5. How does food and drink affect continence in dementia?
Key points
Eating with dementia
In the early stages of dementia people may be fully independent and able to manage their diet by themselves. As their dementia increases they may:
- forget to eat and drink
- have a smaller appetite
- find swallowing difficult
- hide food instead of eating it
- think that they have had a meal when they haven’t.
Help to set a routine for meals and check that your client is eating them. A restricted or poor diet can cause constipation: watch for people’s facial expressions (grimacing/pain) when trying to poo, becoming restless or having a smaller appetite than usual. Some people prefer to eat their meals in the company of others and will not eat if they are alone. Inform your manager if you have concerns about your client’s nutrition or bowel habits and keep their family informed of your concerns.
Drinking
To avoid accidents, people may drink less and then become dehydrated and constipated. They may also get a urinary tract infection (UTI), which can make older people confused. Encourage regular drinks during the day and then reduce the amount they drink 3-4 hours before bedtime.
- Encourage your client to drink little and often
- Encourage your client to drink at mealtimes
- Aim for 5-8 cups/glasses of fluid each day: may need to increase input in hot weather
- Use prompts, like a chart with 8 drinks that they can tick off, to help them keep track of their drinking.
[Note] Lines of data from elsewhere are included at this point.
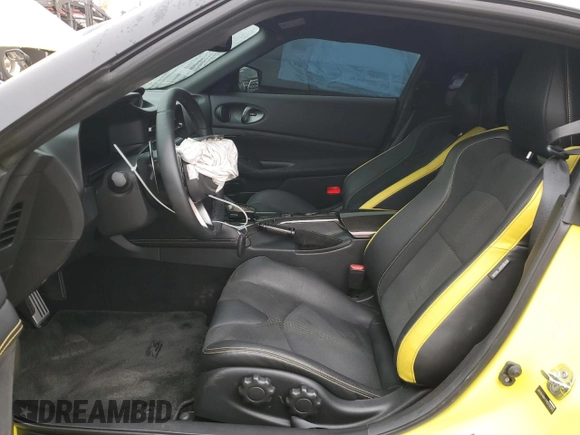 2023 Nissan Z Performance z VIN JN1BZ4BH1PM310365, wystawiony jako Copart lot #73693544 z przebiegiem 10 320 mil mil oraz Szkoda całkowita • Salvage title. Historia ofert i sprzedaży dostępna na DreamBid. Obrazek 7.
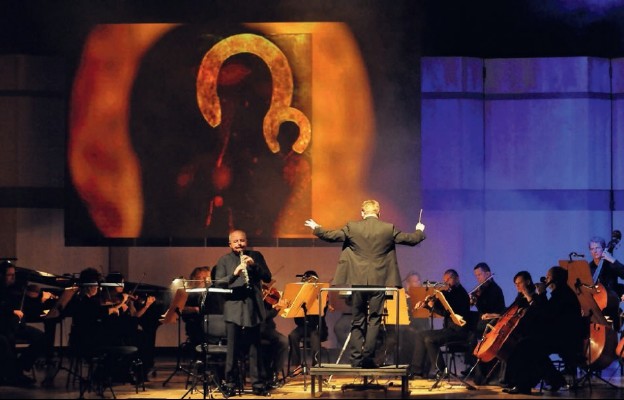 Koncert w Filharmonii Częstochowskiej z okazji jubileuszu 25-lecia SKOK-ów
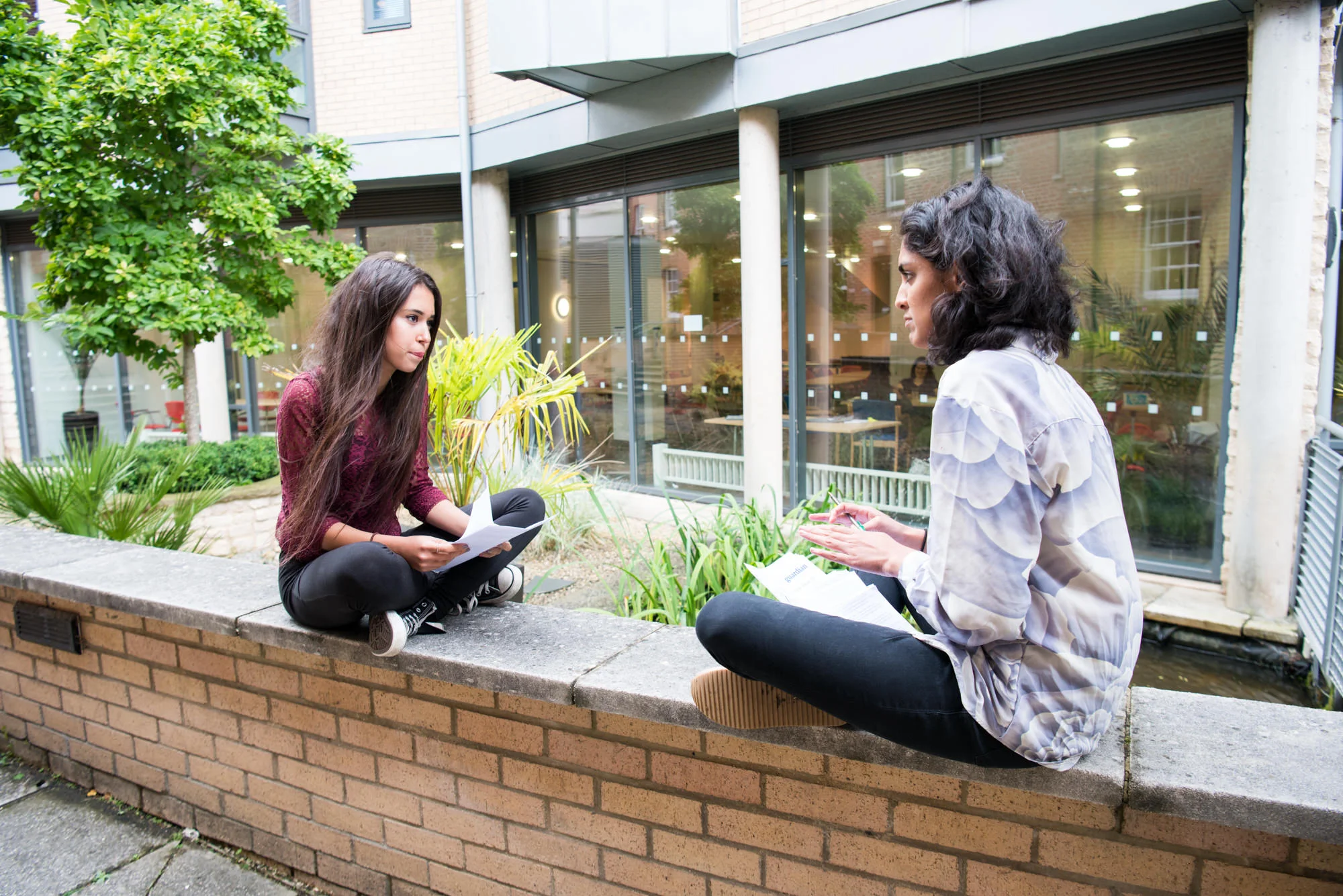 oxford_summer_school_student_talking_with_tutor.jpg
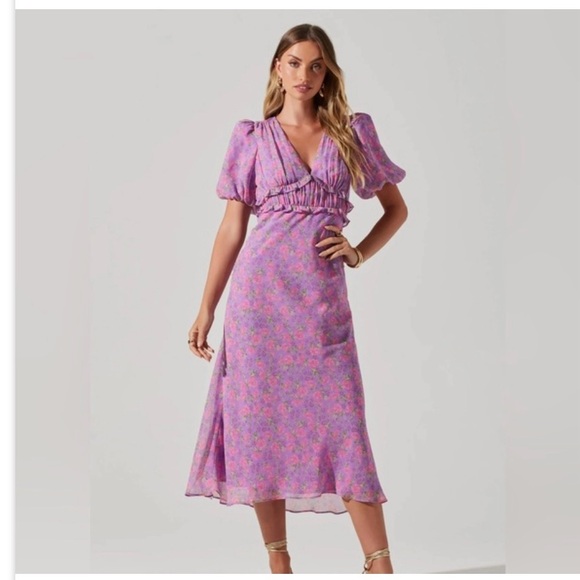 Astre the Label Dresses & Skirts - NWT Revolve ASTR the Label Emporia Pink Floral Puff Sleeve Midi Dress Size L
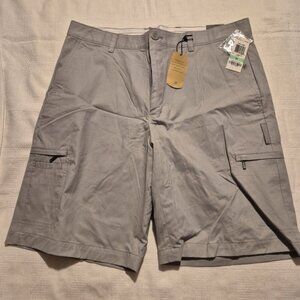 Greg Norman men's size 34 silver shorts NWT, 6 pocket pants, leg pockets zipper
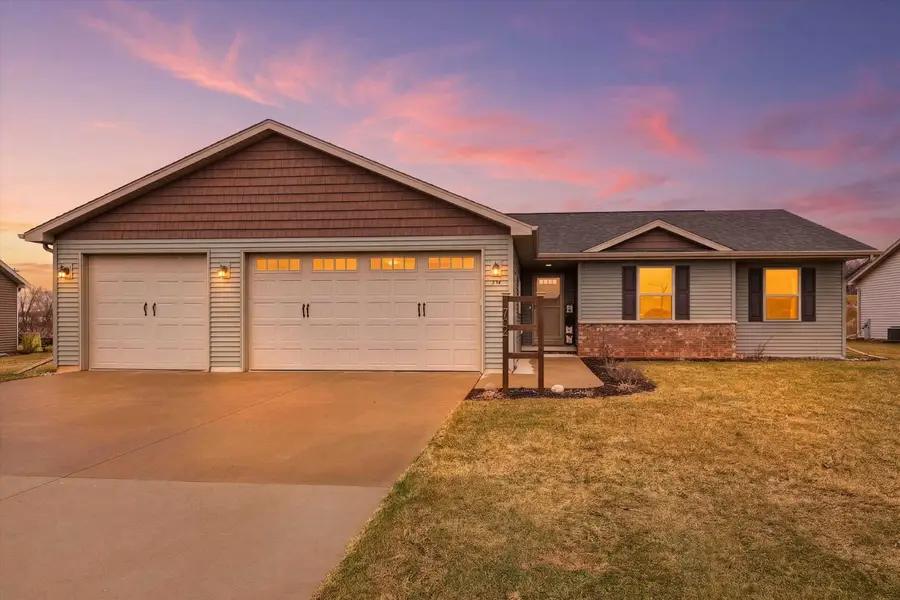 704 Alyssa Street, Kaukauna, WI 54130-0000 - #2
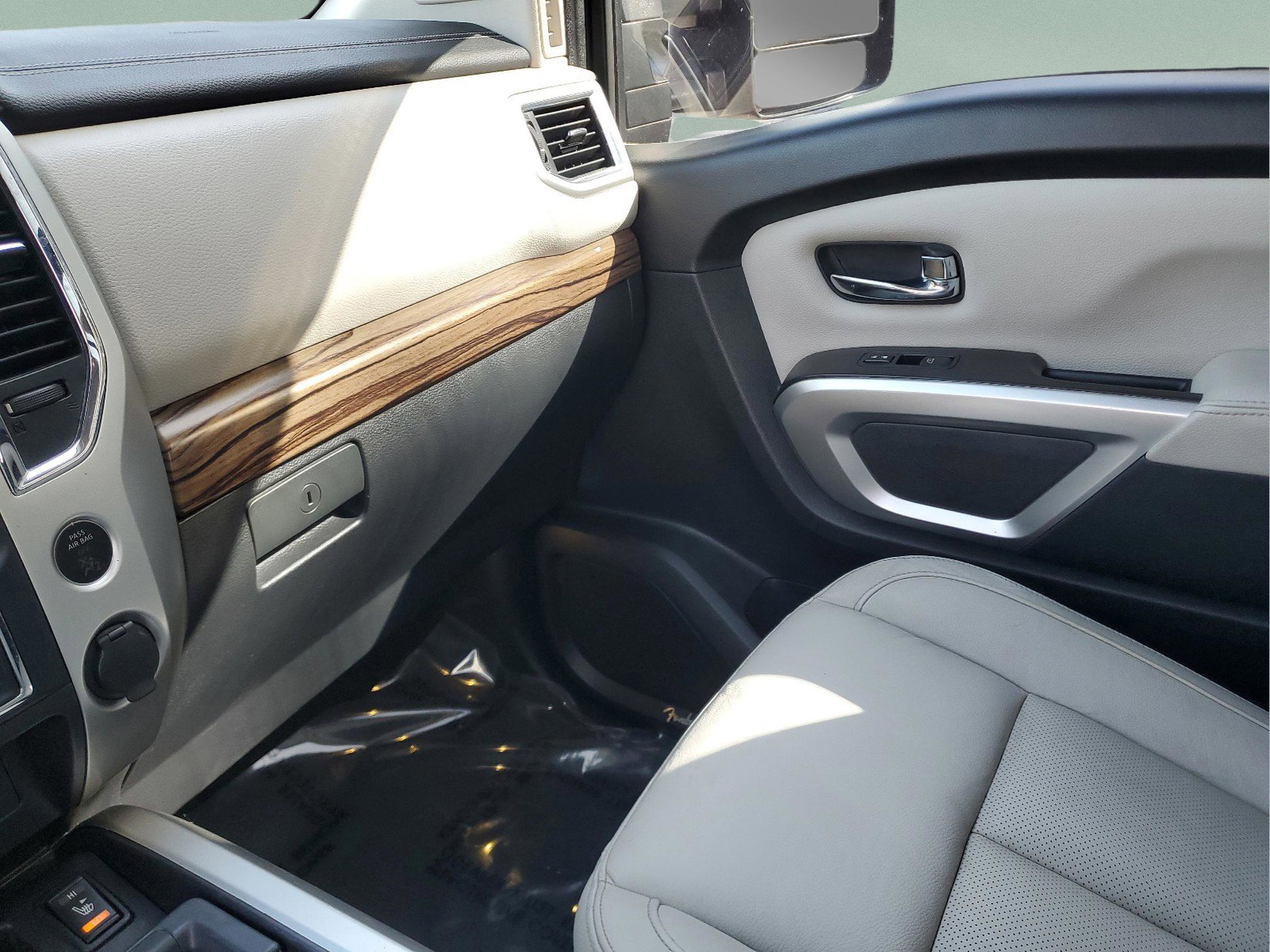 Used 2020 Nissan Titan SL w/ Moonroof Package image 23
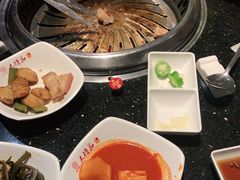 -木槿花韩式炭烤·熟成肉工坊(孙文东路店)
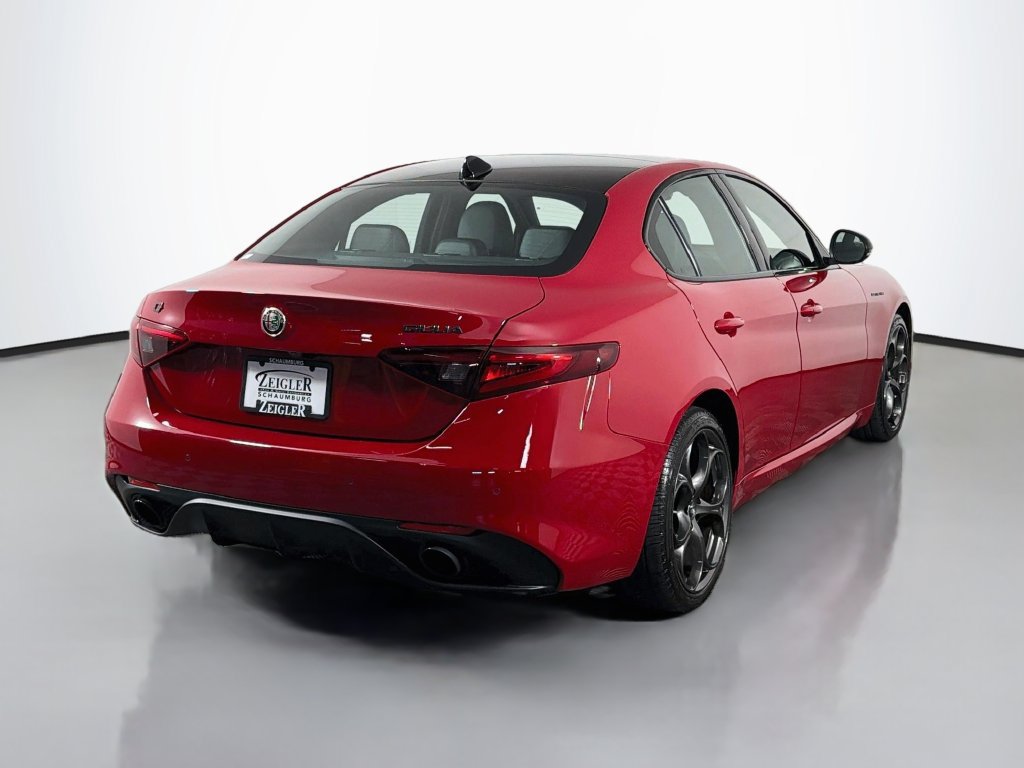 Used 2023 Alfa Romeo Giulia Estrema AWD/4WD image 7
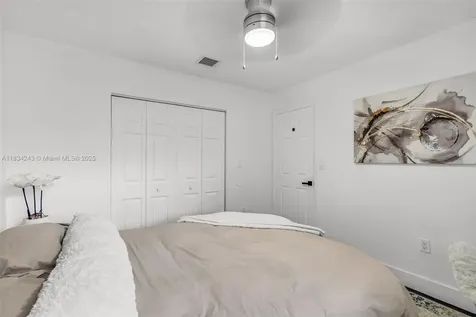 9825 Fairway Cove Lane Plantation FL 33324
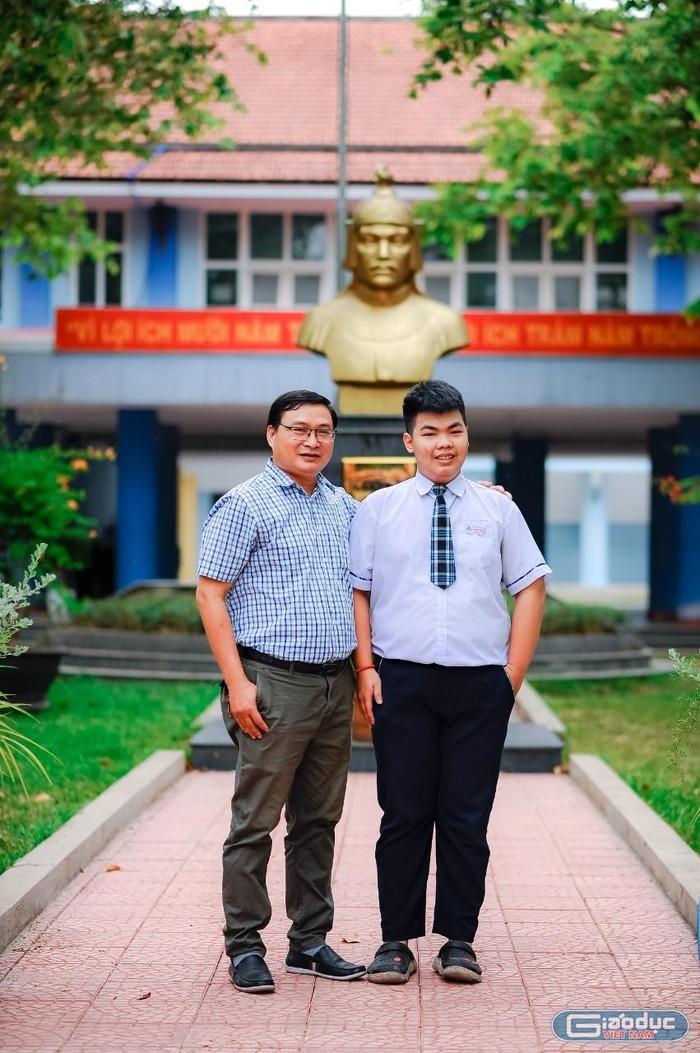 Quang Huy cho biết vì dịch Covid-19 nên em chủ yếu học online ôn tập cùng thầy cô và bạn bè. (Ảnh: NVCC)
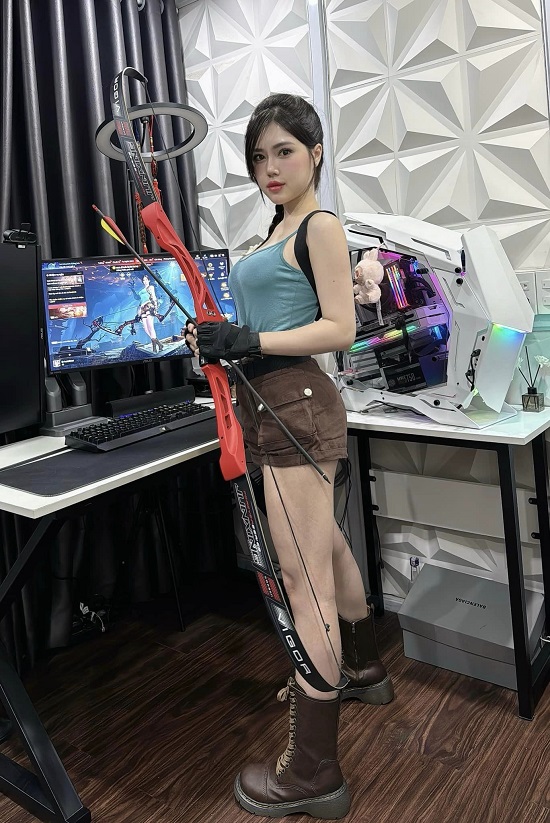 1725187757-steamer-thuytien-laracroft2.jpg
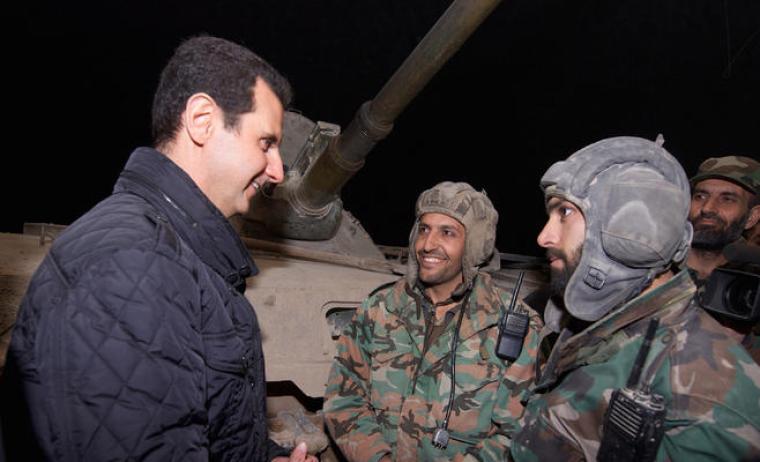 الأسد بين قواته في ليلة رأس السنة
If your client struggles to drink enough fluid they may be tempted by eating or sucking on sweets that are designed to hydrate, such as Jelly Drops, and water-rich fruits such as melon.
Food and drink irritants
Certain foods and drinks can irritate the bladder causing more trips to the toilet, especially at night. Reducing their intake may help a client to control their continence. Common irritants include:
- caffeine in tea, coffee or cola
- fizzy drinks
- citrus fruit juices - orange and lemon
- high amounts of vitamin C
- spicy foods
Try limiting these one at a time if symptoms appear. Taken in moderation they may not cause a problem. If these are favourite drinks or food, you may need to compromise - it is better your clients eat and drink them than become dehydrated or unwilling to eat.
Keep active
Remind your clients to regularly move about if they physically can, rather than spending long periods of time sitting down. Encourage them to eat fibre-rich foods such as fruit, vegetables, nuts and seeds. Being physically active and eating a fibre-rich diet will help their digestion, avoid constipation and also encourage them to make regular visits to the toilet.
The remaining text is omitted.